My oldest sister suggested that we had even older VHS tapes. After some hunting around the house, I’ve come up with about 20 more VHS tapes to be digitized. Luckily, the flow is identical to that for Hi8 tapes.

Storage and Presentation

I store the files on my NAS server, which I built in late 2019. It runs Debian Stable with ZFS, with nightly encrypted backups to Borgbase. I’m currently on their middle tier plan, which is $80 per year. Not bad. The total pool capacity is 24T (4x8T raw capacity, 8T lost to RAID), of which I’m using 1.33T (including files other than these tapes).

In terms of access and presentation, I expose SMB locally so my family members can directly access the files from their Windows machines. I also expose an HTTP server using filebrowser, providing a lightweight HTTP file explorer.

Wrapping Up

I could not have done this project, at this price point, without the array of high-quality open source tools at my disposal. Most important ones probably were Handbrake, ffmpeg and OBS, and the backing libraries used by them such as libx264. I’ll definitely drop those projects a donation.

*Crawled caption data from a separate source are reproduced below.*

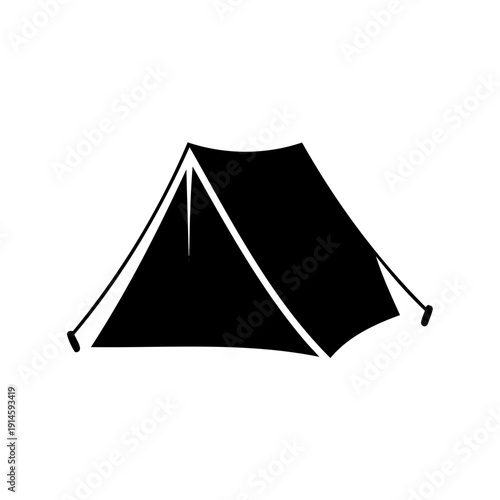 Classic a-frame tent silhouette for outdoor adventure and camping exploration Vector, illustration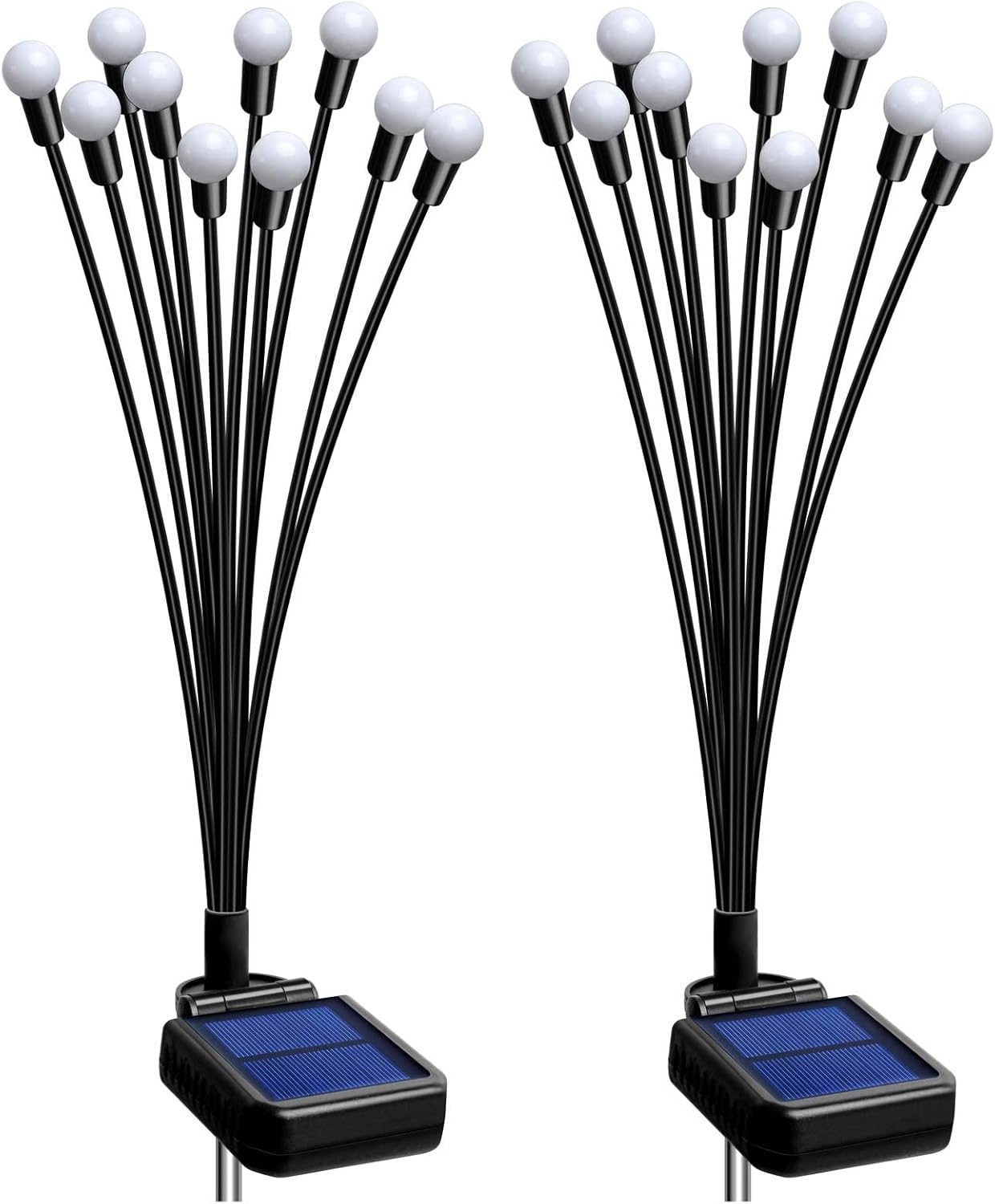 DenicMic Luces solares de jardín al aire libre, 10 luces LED solares de luciérnaga con alambre de cobre altamente flexible, luces solares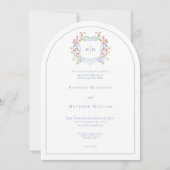 Invitation Blason de mariage élégant aux tons pastel bleu pou (Devant)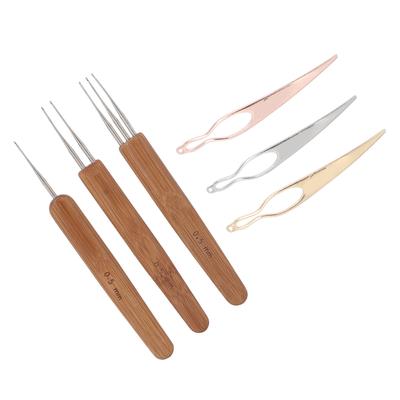 Dreadlock Crochet Hook Set Professional Portable Hair Weaving Braiding Dreadlocks Crochet Needle(0.5mm Crochet Hook L Dreadlocks Needle )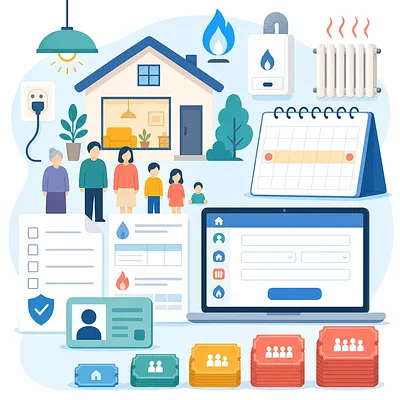 Illustration of a family, home heating, calendar, online form, and vouchers by household size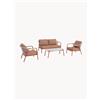 Bizzotto Set salotto da giardino con cuscini Miravet, set da 4 -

Of course, I didn’t forget the original objective of this project, which was to allow my family to more easily watch old recordings. In digital form, we can now jump between files and seek within recordings with one click of a mouse button, instead of having to switch tapes and rewind back and forth. This has been a real boon, and my family has already spent three weekend afternoons enjoying old recordings of us kids when we were little.

It also made me quite grateful for the hard work my parents put into raising my siblings and I. Tape after tape filled with birthday parties, extra-curricular activities, and holiday celebrations gave us all a reminder of how our time was spent over the last couple decades.

This marks the end of the tape project. I’m sure we’ll find a few straggler tapes around the house eventually, but all the tapes I could find have been digitized, sorted, and boxed up neatly. I’m glad I was able to finish this project before relocating to Seattle, as my progress would have surely slowed down drastically otherwise.

The remaining looming task is to digitize photos. Photos are much more work to digitize, because I have to sit there and baby them as they go through a scanner. For tapes, I simply let it roll while I’m at work, occasionally starting a transcode or copying files around. While I’ve already digitized a dozen or so albums, it doesn’t help that there’s many more photos than tapes. With my upcoming relocation to Seattle, forward progress here isn’t looking too good. Hopefully I can continue chipping at it over the next few years.

Until next time!

A terminal, showing the output of a Linux du -sh command. The output is 471G for the current directory.